1.ATTENZIONE 1.3. OSSERVARE 1.3.5. Osservare le incongruenze Le incongruenze si hanno quando la persona non dimostra coerenza nei diversi aspetti del proprio comportamento e del proprio aspetto esteriore. Ad esempio alcune persone si dimostrano disponibili solo a livello verbale, mentre poi a livello non-verbale si nota che il colloquio non interessa molto. Ad esempio dice di stare bene ed è seduta con un atteggiamento di stanchezza e con la testa abbassata. 1.3.6. Osservare noi stessi E’ molto utile durante il colloquio osservare ciò che facciamo e ciò che sentiamo. Siamo congruenti, abbiamo energie per aiutare e siamo attenti?

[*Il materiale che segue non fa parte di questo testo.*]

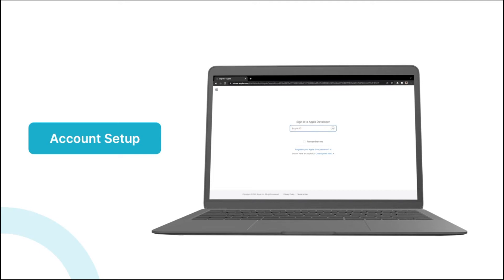Hi there, and welcome to this lesson. In this video, we will be showing you how to set up your Apple developer account so that you can get your API keys, which you'll need for the plugin. So let's jump right in.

1.ATTENZIONE 1.4. ASCOLTARE L'ascolto continuo e attento dell'altro è certamente uno degli aspetti centrali per poter cogliere come la persona percepisce se stesso e il mondo intorno a sé. K da alcuni suggerimenti che motivano il conduttore all'ascolto. 1.4.1. Un motivo per ascoltare Perché ascoltiamo le persone, cosa ci spinge a fare ciò? La relazione di aiuto è il motivo principale. L'ascolto riguarda l'aspetto fisico, emotivo e intellettuale. Cioè dobbiamo concentrarci non solo sulle parole (contenuto), ma anche sul tono della voce e come si esprime la persona (relazione).
1.ATTENZIONE 1.4. ASCOLTARE 1.4.2. Sospendere il giudizio Per poter ascoltare l'altro è importante sospendere qualsiasi giudizio personale. E ciò vuol dire sospendere i nostri valori e le nostre opinioni rispetto a ciò che l’altro va dicendo. 1.4.3. Concentrarsi sulla persona Non solo bisogna cercare di evitare di seguire la voce giudicante che è dentro di noi, ma bisogna anche evitare di distrarsi durante il colloquio. Quindi, durante l'incontro si cerca di eliminare tutti gli stimoli che possono distrarci. Per esempio si abbassa la suoneria del telefono, evitare posti rumorosi, si dice agli altri di non interrompere per nessun motivo...
1.ATTENZIONE 1.4. ASCOLTARE 1.4.4. Concentrarsi sul contenuto Ho visto, nella mia pur breve esperienza, che concentrarsi sul contenuto che l'altro sta dicendo è centrale per tutto il processo di aiuto. Basta far riferimento alle 6 domande: -Chi? -Cosa? -Perché? -Quando? -Dove? -Come? 1.4.5. Ricordare E’ importante ricordare ciò che l’altro dice e sente e per fare questo occorre sintetizzare l’esposizione orale del cliente e provare a cogliere il contenuto che ne è alla base. 1.4.6. Temi ricorrenti In genere i clienti hanno dei temi ricorrenti in cui sono particolarmente coinvolti.